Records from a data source

********

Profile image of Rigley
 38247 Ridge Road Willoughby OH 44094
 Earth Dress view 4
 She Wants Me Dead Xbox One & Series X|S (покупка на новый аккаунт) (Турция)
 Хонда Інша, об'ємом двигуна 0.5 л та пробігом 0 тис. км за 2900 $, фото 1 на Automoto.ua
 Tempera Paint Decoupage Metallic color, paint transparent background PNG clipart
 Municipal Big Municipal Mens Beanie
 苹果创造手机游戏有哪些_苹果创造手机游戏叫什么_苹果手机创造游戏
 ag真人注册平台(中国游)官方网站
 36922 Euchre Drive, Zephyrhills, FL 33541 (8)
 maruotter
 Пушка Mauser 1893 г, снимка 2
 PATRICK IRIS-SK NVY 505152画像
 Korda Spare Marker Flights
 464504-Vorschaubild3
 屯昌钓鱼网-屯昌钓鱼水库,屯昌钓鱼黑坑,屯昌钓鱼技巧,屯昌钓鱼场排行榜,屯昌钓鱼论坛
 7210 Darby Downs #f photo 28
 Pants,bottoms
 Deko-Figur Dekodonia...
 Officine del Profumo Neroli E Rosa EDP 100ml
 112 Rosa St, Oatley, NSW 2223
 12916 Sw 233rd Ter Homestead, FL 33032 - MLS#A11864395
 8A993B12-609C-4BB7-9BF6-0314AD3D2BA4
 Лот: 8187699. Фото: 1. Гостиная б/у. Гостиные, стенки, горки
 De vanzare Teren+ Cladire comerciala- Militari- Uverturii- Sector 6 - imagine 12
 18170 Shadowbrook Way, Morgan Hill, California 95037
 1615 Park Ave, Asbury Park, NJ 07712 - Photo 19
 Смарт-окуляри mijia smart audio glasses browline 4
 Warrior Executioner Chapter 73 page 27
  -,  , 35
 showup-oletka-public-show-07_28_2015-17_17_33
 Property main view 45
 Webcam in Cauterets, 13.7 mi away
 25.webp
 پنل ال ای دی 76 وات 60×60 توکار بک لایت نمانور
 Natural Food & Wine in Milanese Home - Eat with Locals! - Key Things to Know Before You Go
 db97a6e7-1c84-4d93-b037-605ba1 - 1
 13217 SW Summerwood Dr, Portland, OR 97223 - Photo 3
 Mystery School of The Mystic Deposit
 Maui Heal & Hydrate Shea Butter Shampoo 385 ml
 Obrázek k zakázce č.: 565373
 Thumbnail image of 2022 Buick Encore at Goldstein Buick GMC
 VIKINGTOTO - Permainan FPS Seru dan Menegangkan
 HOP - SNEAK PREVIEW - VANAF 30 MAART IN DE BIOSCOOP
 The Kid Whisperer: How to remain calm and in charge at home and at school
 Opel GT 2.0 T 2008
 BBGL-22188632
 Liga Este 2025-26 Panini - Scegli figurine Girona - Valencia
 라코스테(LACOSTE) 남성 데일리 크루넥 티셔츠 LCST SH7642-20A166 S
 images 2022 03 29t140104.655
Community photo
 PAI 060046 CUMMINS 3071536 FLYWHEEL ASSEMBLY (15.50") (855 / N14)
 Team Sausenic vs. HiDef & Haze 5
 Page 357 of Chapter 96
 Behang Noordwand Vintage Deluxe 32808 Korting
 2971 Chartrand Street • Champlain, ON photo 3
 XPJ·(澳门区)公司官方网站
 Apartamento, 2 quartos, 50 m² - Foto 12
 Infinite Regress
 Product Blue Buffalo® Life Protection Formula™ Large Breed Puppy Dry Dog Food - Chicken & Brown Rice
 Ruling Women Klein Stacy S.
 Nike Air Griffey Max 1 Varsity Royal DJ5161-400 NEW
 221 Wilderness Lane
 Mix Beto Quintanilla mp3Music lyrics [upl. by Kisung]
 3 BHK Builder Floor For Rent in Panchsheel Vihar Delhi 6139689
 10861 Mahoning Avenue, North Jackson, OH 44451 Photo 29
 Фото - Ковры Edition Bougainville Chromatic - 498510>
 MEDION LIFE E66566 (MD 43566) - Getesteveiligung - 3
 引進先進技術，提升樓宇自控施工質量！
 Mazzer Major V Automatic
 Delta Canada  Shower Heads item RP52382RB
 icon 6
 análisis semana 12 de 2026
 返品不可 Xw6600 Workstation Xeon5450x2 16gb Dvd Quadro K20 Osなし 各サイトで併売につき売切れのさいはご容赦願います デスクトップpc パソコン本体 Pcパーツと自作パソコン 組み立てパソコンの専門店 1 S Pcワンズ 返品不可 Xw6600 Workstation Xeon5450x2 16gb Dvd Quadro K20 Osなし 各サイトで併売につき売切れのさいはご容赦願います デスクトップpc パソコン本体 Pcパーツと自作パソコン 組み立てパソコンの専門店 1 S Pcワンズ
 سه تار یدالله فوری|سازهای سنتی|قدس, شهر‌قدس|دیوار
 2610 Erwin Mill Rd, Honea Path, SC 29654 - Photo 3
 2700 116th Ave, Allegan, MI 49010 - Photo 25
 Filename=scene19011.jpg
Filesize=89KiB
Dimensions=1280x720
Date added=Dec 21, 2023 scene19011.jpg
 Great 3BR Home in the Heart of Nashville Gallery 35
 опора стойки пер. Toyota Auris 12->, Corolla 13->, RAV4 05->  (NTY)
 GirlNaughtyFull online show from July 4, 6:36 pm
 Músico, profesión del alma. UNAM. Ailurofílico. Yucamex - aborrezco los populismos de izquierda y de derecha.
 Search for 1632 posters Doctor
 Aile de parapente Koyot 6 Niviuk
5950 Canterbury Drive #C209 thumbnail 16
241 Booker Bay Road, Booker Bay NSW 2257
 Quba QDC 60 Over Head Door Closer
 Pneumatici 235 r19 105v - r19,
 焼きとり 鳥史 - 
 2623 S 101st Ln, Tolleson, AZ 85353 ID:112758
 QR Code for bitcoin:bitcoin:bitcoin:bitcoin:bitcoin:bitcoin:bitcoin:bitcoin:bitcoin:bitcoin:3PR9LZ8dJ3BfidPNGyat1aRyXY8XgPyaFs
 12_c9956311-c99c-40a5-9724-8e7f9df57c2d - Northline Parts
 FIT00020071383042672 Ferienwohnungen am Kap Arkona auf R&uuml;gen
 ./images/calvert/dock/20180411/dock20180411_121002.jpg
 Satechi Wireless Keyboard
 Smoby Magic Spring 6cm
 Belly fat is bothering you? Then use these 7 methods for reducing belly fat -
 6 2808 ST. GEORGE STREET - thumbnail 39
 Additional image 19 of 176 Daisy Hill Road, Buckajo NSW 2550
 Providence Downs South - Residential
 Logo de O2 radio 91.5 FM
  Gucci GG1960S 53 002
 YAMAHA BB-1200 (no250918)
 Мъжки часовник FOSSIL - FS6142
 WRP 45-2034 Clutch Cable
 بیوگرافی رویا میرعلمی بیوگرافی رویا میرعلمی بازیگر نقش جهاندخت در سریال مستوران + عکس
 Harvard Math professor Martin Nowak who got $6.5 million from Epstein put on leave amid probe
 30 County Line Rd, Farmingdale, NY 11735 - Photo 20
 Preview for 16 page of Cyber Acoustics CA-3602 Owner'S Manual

********

[TASK ITEM]:
Every line of the records that includes the word "Chapter" should be gathered.

[YOUR RESPONSE]:
 Warrior Executioner Chapter 73 page 27
 Page 357 of Chapter 96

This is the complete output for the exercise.